Choosing the right machine learning algorithm
When deciding which machine learning algorithm to use, there is a wide variety to choose from, but a “magic bullet” doesn’t exist. There is no one machine learning algorithm best for all problems, but familiarity and understanding the pros and cons of each algorithm can guide the data scientist to the best decision for the problem at hand.
- Understand the problem
It is important to know what type of problem we are dealing with and what kind of algorithm works best for each type of problem. Once the problem and end goal is identified, the data scientist can break down algorithm selection by three categories:
- Supervised learning
- Unsupervised learning
- Reinforcement learning
Size of dataset (training and test) Some machine learning algorithms work optimally with small or large datasets. For example, Small datasets demand algorithms that have high bias to avoid overfitting.
- Exploratory data analysis
- Compute summary statistics and visualizations (boxplots, density plots, etc) of your dataset.
- Percentiles help identify the range for most or all of the data.
- Measure correlation and central tendency of the data.
- Required accuracy: bias-variance tradeoff
- Bias: error from assumptions in the learning algorithm. Models with low bias are usually more complex with more accurate fitting to the train dataset, but inadvertently creates large amounts of noise, making predictions less accurate. Models with high bias tend to be simple, but may not generalize well to unseen data.

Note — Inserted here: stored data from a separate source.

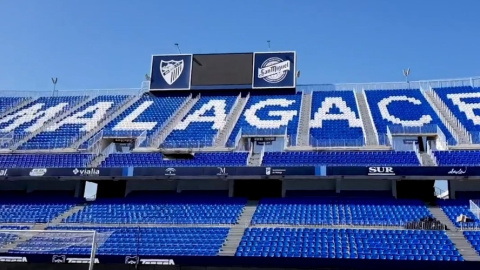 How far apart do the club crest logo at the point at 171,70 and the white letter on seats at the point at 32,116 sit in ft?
29.4

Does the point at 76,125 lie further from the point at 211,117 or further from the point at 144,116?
the point at 211,117

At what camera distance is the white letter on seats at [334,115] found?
32500 mm

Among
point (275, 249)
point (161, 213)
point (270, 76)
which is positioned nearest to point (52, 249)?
point (161, 213)

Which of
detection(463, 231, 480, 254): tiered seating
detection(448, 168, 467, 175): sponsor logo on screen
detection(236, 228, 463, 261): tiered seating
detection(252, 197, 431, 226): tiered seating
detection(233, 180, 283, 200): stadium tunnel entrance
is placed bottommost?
detection(236, 228, 463, 261): tiered seating

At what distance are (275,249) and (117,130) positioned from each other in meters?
17.7

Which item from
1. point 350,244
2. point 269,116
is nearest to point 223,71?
point 269,116

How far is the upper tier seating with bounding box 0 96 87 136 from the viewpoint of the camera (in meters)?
35.6

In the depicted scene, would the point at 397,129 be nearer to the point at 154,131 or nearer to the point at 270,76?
the point at 270,76

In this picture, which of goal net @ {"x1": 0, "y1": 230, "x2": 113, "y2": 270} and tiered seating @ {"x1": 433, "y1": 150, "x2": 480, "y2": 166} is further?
tiered seating @ {"x1": 433, "y1": 150, "x2": 480, "y2": 166}

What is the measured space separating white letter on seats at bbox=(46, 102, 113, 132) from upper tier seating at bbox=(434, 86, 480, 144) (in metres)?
26.0

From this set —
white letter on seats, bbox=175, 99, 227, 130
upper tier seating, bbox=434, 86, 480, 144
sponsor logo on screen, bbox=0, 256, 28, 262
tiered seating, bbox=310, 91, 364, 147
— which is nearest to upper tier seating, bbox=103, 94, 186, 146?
white letter on seats, bbox=175, 99, 227, 130

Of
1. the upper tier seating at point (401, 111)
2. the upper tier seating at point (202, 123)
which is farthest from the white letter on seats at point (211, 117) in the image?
the upper tier seating at point (401, 111)

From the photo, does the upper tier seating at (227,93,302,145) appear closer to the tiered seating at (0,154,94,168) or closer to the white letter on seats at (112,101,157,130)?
the white letter on seats at (112,101,157,130)

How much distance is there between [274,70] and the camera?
3834cm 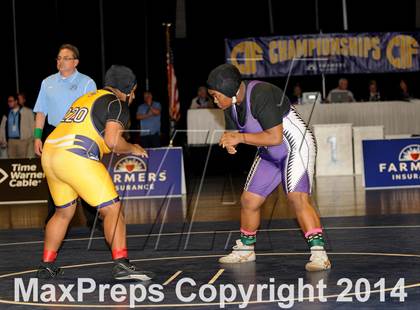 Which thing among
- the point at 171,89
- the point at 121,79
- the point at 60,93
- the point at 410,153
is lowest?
the point at 410,153

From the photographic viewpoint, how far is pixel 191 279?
309 inches

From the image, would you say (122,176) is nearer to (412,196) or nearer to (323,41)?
(412,196)

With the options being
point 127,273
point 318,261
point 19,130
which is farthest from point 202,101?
point 127,273

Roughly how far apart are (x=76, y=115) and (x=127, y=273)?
4.05 feet

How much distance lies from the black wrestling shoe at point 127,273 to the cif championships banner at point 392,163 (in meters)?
9.31

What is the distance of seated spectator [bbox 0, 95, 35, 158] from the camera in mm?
20453

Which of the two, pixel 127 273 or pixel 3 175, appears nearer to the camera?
pixel 127 273

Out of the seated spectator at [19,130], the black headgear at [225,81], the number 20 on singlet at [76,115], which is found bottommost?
the seated spectator at [19,130]

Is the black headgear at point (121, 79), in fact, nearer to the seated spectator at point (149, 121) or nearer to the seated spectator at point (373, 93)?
the seated spectator at point (149, 121)

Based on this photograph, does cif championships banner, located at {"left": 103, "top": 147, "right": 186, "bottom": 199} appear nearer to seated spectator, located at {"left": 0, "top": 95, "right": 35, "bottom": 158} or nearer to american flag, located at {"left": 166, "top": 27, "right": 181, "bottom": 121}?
seated spectator, located at {"left": 0, "top": 95, "right": 35, "bottom": 158}

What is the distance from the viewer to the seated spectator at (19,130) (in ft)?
67.1

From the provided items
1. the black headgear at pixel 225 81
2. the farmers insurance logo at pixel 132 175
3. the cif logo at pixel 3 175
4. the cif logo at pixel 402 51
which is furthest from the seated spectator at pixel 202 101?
the black headgear at pixel 225 81

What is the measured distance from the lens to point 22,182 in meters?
16.9

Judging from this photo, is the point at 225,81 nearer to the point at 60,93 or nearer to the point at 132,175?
the point at 60,93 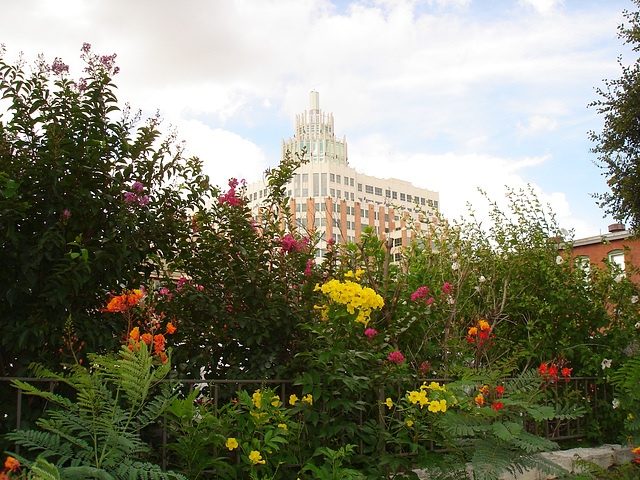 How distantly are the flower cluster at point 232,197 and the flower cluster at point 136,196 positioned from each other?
615 mm

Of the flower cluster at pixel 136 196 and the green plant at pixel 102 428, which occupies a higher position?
the flower cluster at pixel 136 196

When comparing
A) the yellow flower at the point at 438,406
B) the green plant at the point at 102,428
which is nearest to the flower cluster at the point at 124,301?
the green plant at the point at 102,428

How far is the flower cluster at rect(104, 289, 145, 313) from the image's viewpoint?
2697 millimetres

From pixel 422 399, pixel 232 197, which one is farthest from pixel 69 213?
pixel 422 399

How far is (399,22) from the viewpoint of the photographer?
264 inches

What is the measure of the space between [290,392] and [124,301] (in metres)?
1.22

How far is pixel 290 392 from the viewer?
3180mm

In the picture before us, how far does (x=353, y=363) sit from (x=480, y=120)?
5340 millimetres

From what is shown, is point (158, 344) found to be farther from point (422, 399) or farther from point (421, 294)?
point (421, 294)

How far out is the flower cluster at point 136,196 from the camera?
9.23 feet

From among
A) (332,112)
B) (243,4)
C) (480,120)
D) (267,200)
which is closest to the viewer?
(267,200)

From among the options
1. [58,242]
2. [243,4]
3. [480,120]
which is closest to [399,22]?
[480,120]

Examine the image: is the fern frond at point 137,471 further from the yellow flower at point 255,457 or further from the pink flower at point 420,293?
the pink flower at point 420,293

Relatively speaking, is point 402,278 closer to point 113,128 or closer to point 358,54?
point 113,128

- Variance: error from sensitivity to small fluctuations in the training dataset. High variance models represent the training dataset well, however, they may not generalize well to unseen data due to overfitting. Low variance produces simpler models that are not prone to overfitting but may fail to capture important irregularities present in the training dataset.
Timeframe Machine learning models can take hours or even more than a day to train, depending on the size, target accuracy, and algorithm of choice.
Linear assumptions Common machine learning models such as linear regression , logistic regression and support vector machines are linear models, as linear models are algorithmically simple, fast to train, and relatively easy to interpret. But beware of data that does not conform to linear assumptions, as this can decrease model accuracy.
- Features A large number of features can provide accurate model predictions in conjunction with a large number of observations. But too many features may result in unfeasibly long training times for some algorithms.
Despite knowing this all of this information, even the most experienced data scientists can’t tell which algorithm will perform best without trying them. Devoting time to go through the workflow above with each viable machine learning algorithm would greatly improve the credibility of the study.
Here is a model selection reference provided by the sci-kit learn library:
Changing the Healthcare Landscape
In summary, machine learning has proven to be a viable data science assistant for healthcare professionals. The logistic regression model was instantiated in a Python function, then deployed to a Tableau Dashboard with Tableau extension TabPy to build a plausible graphical user interface; the healthcare professional can modify model parameters for each patient to obtain a risk assessment based on the aforementioned measured health metrics. This predictive analytics application serves as proof of viability for implementation in the healthcare industry. As far as long term implications, this study enables healthcare professionals to consider putting into practice machine learning predictive analytics for future state aid in risk assessment.